Reliance Jio is notable as the world's largest SA-first operator, having deployed 5G SA without any NSA phase. By skipping EN-DC, Jio avoided EPC dependencies and immediately offered network slicing and VoNR to its 100+ million 5G subscribers.

T-Mobile US was the first Western operator to launch nationwide SA in August 2020, leveraging their 600 MHz (n71) and 2.5 GHz (n41) spectrum. Their SA network serves as the foundation for their enterprise slicing product launched in 2024.

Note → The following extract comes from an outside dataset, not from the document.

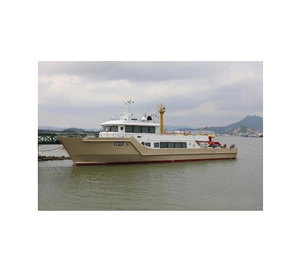 Matériau en acier utilisé 30.8m 100ft <span class=keywords><strong>bateau</strong></span> <span class=keywords><strong>de</strong></span> pêche <span class=keywords><strong>de</strong></span> <span class=keywords><strong>plaisance</strong></span> <span class=keywords><strong>à</strong></span> <span class=keywords><strong>vendre</strong></span> - Product Image 1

Why Standalone Matters for Enterprise and Future Services

The following capabilities are exclusively available on SA architecture:

  1. Network slicing with NSSF: The Network Slice Selection Function (per 3GPP TS 23.501 clause 5.15) only exists in the 5GC. NSA operators cannot offer S-NSSAI-based slice selection.
  1. Service-Based Architecture exposure: The NEF (Network Exposure Function) enables operators to sell API access to network capabilities -- QoS-on-demand, location services, monitoring events. This is the foundation of GSMA Open Gateway and CAMARA APIs.
  1. URLLC with deterministic latency: The EPC's GTP-U tunneling through S-GW and P-GW adds 2--5 ms of core latency. The 5GC's UPF can be placed at the network edge with direct N3 connectivity, eliminating this overhead.
  1. Dual-registration and interworking: SA supports N26 interface-based interworking with EPC for seamless LTE fallback, or non-N26 with session continuity via SSC modes (per 3GPP TS 23.502 clause 4.11).

Migration Considerations

Operators moving from NSA to SA face several challenges:

  • VoNR readiness: SA requires either VoNR (IMS over NR) or EPS Fallback (temporary drop to VoLTE for calls). VoNR requires IMS upgrades and new UE firmware.
  • Coverage parity: SA drops the LTE anchor, so NR coverage must be sufficient for continuous service. Operators deploying SA on mid-band only face indoor coverage gaps.
  • UE support: Not all 5G UEs support SA mode. Early NSA-only chipsets (e.g., Qualcomm X50) cannot operate on SA networks.
  • Core transformation: Migrating from EPC to 5GC is a multi-year project involving containerization (CNFs vs VNFs), cloud-native platforms, and SBA interface integration.

Summary

The NSA-to-SA migration is the most significant architectural transition in 5G deployment. NSA provided a fast path to 5G speeds by reusing existing EPC infrastructure, but SA unlocks the full 5G feature set -- slicing, URLLC, edge computing, and API exposure. With operators like T-Mobile, China Mobile, and Jio running production SA networks at scale, the industry inflection point has passed. Understanding both architectures, the EN-DC bearer model, and the migration trade-offs is essential for anyone designing, deploying, or certifying 5G networks.